#### [What to work on]
Only some lines are wanted. Transcribe, exactly, the lines below from the line with "Una piscina con" up to and including the line with "Elegant bathroom with".

▬▬▬▬▬▬▬▬▬▬

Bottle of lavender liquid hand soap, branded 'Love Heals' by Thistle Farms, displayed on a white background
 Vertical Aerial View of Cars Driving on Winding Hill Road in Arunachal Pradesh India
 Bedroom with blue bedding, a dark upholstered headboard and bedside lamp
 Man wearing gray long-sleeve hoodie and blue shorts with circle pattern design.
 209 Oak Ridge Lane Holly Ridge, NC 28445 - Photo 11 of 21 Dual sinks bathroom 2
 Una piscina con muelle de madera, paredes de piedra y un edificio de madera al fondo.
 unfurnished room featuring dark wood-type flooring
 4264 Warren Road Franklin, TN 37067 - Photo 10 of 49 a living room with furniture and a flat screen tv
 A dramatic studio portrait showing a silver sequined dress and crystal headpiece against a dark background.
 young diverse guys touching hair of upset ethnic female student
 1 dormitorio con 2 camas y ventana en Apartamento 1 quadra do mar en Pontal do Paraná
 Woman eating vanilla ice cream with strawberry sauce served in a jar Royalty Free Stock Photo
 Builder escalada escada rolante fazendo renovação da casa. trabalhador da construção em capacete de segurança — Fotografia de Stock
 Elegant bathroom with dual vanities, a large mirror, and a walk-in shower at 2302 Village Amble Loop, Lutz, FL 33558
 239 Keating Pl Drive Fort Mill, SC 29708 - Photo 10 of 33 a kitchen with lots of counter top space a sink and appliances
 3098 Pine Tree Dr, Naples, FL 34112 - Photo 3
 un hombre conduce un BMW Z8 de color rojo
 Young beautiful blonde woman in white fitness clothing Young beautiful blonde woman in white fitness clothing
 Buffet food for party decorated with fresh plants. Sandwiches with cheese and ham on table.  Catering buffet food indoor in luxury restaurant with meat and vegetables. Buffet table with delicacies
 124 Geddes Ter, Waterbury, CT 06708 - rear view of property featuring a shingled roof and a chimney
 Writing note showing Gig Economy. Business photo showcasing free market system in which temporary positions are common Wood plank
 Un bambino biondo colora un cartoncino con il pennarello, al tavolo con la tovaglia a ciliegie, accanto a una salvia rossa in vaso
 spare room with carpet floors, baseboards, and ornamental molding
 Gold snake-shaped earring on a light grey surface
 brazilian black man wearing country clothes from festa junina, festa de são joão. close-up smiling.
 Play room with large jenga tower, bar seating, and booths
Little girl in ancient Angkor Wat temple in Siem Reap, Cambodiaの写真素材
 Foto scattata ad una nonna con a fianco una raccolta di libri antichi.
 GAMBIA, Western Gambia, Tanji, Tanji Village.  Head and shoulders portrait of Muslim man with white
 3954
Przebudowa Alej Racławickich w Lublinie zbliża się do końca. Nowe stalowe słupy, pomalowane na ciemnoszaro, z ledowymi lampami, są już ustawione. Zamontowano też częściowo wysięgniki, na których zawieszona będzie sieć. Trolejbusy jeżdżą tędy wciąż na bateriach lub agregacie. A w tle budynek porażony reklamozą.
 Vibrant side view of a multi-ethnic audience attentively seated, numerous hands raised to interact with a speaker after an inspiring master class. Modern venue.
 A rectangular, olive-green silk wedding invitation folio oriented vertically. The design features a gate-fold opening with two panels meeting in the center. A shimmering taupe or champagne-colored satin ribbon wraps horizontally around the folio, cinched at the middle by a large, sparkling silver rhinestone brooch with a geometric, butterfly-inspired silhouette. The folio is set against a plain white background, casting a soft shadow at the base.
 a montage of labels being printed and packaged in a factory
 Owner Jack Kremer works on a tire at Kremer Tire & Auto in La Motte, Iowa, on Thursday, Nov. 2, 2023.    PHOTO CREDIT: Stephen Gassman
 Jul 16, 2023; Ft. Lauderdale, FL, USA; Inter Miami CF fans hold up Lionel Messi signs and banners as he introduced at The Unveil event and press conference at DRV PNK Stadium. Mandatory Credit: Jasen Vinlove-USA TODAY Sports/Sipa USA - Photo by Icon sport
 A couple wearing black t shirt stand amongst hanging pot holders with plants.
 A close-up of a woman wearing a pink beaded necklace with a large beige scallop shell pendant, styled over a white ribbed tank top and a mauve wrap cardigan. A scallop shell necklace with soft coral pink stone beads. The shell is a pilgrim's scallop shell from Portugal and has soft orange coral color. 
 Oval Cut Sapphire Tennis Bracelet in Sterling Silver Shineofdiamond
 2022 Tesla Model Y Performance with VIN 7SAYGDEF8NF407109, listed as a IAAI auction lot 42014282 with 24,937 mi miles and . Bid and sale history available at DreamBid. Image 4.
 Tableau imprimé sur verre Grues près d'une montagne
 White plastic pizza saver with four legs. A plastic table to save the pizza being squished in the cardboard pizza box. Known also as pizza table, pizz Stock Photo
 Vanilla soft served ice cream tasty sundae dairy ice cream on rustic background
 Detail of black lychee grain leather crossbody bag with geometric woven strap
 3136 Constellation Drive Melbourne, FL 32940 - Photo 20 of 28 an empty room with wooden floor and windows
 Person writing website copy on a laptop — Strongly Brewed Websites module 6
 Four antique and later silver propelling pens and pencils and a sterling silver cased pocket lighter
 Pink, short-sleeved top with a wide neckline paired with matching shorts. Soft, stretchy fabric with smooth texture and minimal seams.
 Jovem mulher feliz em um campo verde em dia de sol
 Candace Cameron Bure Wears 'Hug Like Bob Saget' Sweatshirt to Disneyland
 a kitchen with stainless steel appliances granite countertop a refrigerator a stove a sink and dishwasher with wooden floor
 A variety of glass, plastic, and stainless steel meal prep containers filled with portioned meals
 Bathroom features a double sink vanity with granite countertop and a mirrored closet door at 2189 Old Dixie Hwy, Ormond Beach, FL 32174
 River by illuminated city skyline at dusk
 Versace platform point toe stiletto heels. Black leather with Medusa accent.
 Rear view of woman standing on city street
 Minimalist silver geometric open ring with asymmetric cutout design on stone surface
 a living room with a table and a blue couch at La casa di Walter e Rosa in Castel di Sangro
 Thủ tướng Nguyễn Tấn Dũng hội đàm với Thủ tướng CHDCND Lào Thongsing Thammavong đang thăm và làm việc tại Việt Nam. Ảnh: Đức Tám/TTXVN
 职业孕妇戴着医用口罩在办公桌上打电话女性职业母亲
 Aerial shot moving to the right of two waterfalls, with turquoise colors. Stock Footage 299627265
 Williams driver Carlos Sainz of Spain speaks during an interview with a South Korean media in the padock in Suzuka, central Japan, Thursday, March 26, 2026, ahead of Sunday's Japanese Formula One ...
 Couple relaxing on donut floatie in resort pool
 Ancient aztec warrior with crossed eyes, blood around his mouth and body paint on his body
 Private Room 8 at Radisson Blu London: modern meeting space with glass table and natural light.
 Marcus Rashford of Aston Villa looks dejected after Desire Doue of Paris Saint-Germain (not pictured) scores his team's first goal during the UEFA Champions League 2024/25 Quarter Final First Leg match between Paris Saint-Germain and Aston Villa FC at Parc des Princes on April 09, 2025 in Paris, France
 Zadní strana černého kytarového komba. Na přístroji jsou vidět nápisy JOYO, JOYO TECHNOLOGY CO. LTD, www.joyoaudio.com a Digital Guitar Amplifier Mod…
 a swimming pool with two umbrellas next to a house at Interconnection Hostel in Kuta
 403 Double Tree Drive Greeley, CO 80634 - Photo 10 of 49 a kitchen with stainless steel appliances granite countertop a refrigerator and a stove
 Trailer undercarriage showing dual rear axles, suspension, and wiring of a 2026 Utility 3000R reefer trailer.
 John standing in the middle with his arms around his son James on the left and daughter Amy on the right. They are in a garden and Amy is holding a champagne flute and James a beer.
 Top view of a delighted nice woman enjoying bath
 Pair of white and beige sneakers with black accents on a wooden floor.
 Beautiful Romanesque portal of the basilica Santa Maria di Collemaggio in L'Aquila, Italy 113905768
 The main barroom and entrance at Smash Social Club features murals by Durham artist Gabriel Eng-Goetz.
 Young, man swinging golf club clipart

▬▬▬▬▬▬▬▬▬▬

#### [Your solution]
 Una piscina con muelle de madera, paredes de piedra y un edificio de madera al fondo.
 unfurnished room featuring dark wood-type flooring
 4264 Warren Road Franklin, TN 37067 - Photo 10 of 49 a living room with furniture and a flat screen tv
 A dramatic studio portrait showing a silver sequined dress and crystal headpiece against a dark background.
 young diverse guys touching hair of upset ethnic female student
 1 dormitorio con 2 camas y ventana en Apartamento 1 quadra do mar en Pontal do Paraná
 Woman eating vanilla ice cream with strawberry sauce served in a jar Royalty Free Stock Photo
 Builder escalada escada rolante fazendo renovação da casa. trabalhador da construção em capacete de segurança — Fotografia de Stock
 Elegant bathroom with dual vanities, a large mirror, and a walk-in shower at 2302 Village Amble Loop, Lutz, FL 33558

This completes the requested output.